> ASSIGNMENT: Your answer must be exactly the lines from the one containing "Prodej rodinného domu, Lošany" through the end of the material, both ends included, without pictures.

> DATASET RECORDS:
Content starts

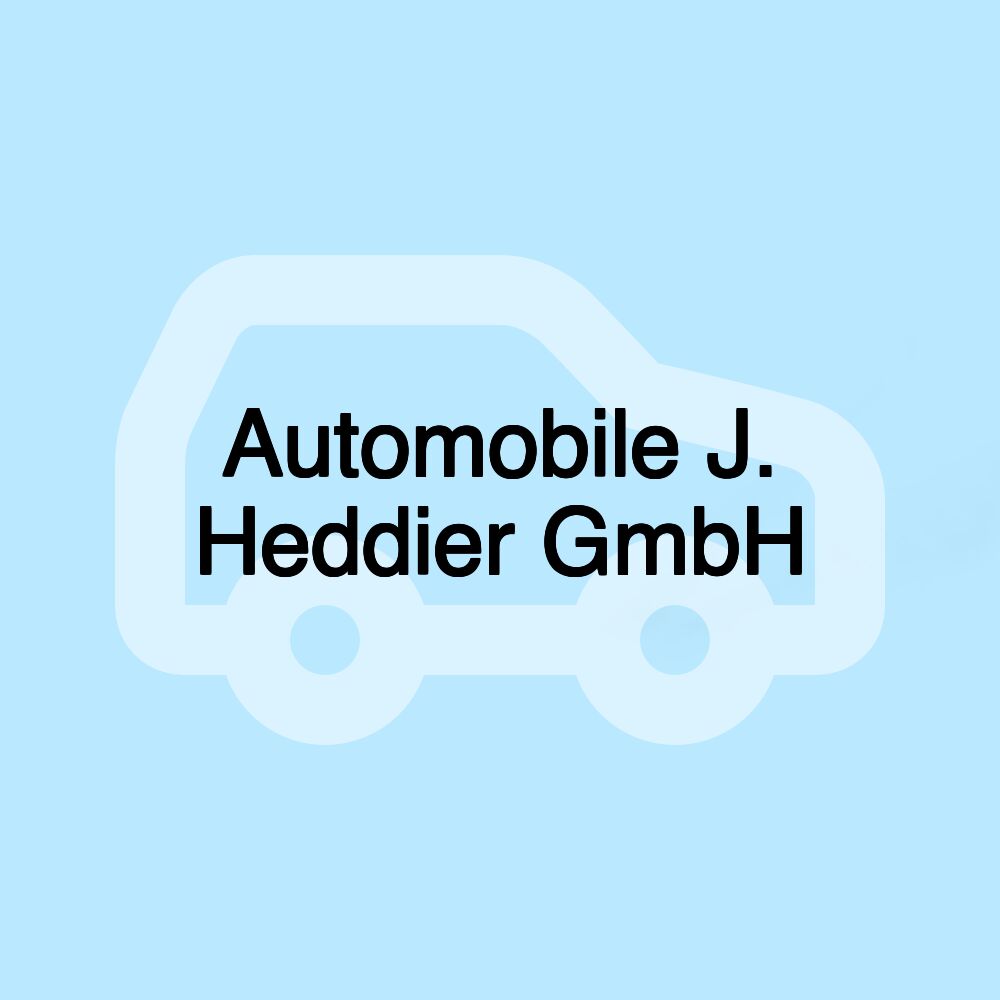 Automobile J. Heddier GmbH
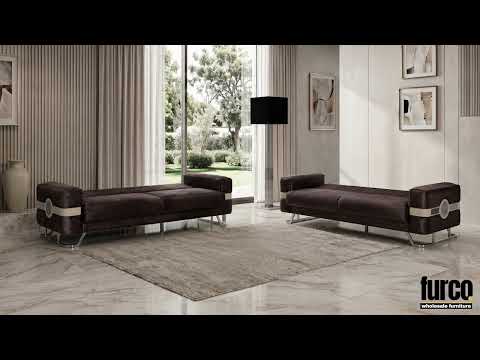 Opera Gray Sofa Set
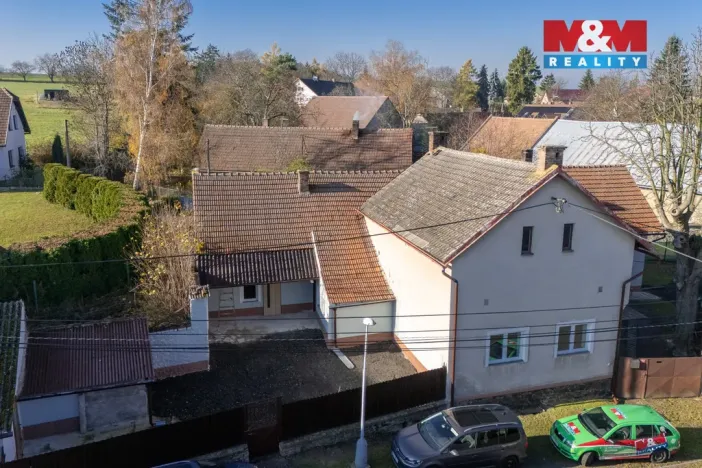 Prodej rodinného domu, Lošany - Lošánky, 186 m2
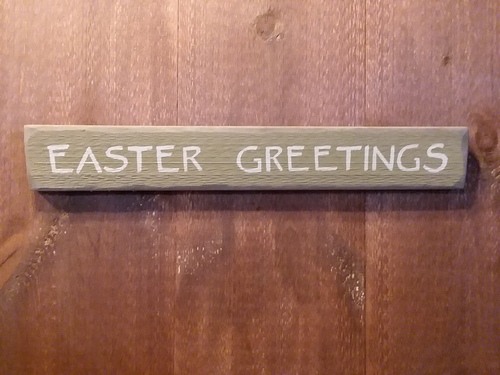 Easter Greetings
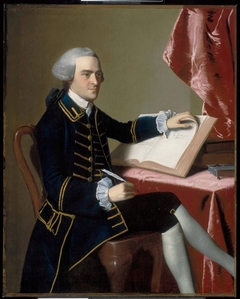 John Hancock by John Singleton Copley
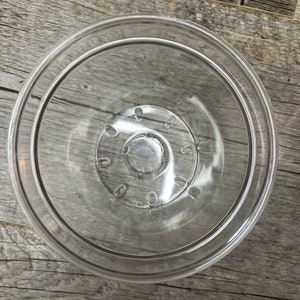 4.5" glass-like ultra high transparency clear round orchid pot, ultra clear nursery pot, clear pot for orchids and tropical plants image 7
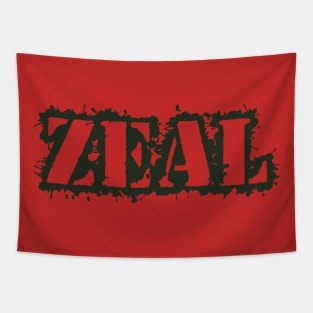 Zeal Tapestry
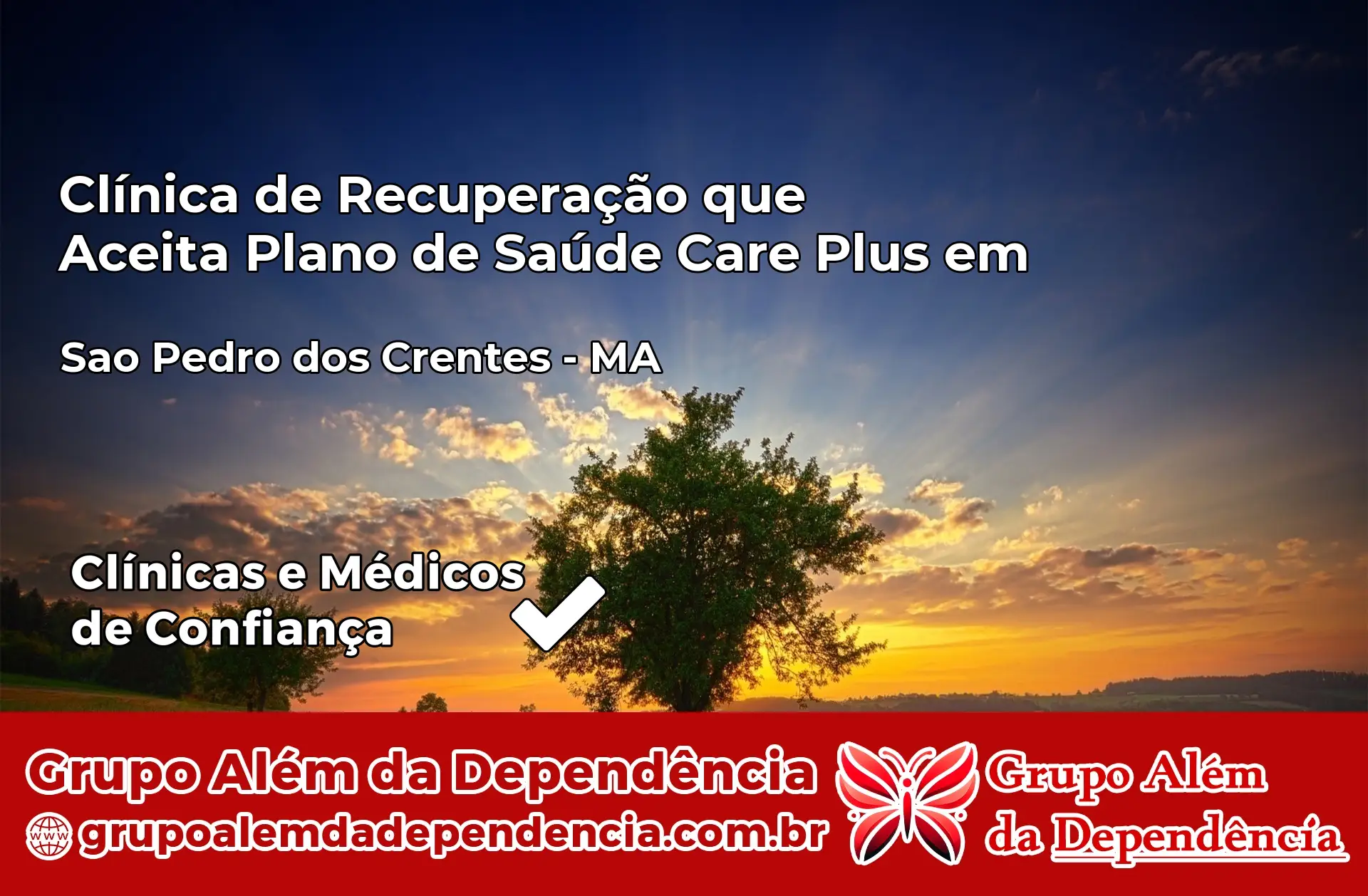 Clínica Care Plus em São Pedro dos Crentes – MA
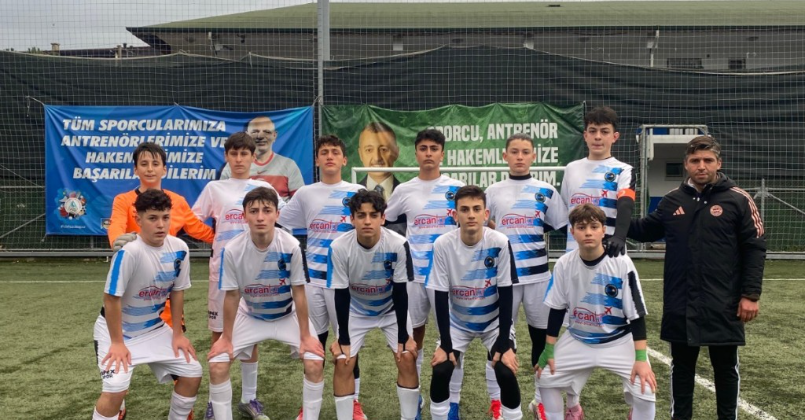 Güneşspor U-14galibiyetle başladı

Content ends

> RESULT OF THE TASK:
 Prodej rodinného domu, Lošany - Lošánky, 186 m2
 Easter Greetings
 John Hancock by John Singleton Copley
 4.5" glass-like ultra high transparency clear round orchid pot, ultra clear nursery pot, clear pot for orchids and tropical plants image 7
 Zeal Tapestry
 Clínica Care Plus em São Pedro dos Crentes – MA
 Güneşspor U-14galibiyetle başladı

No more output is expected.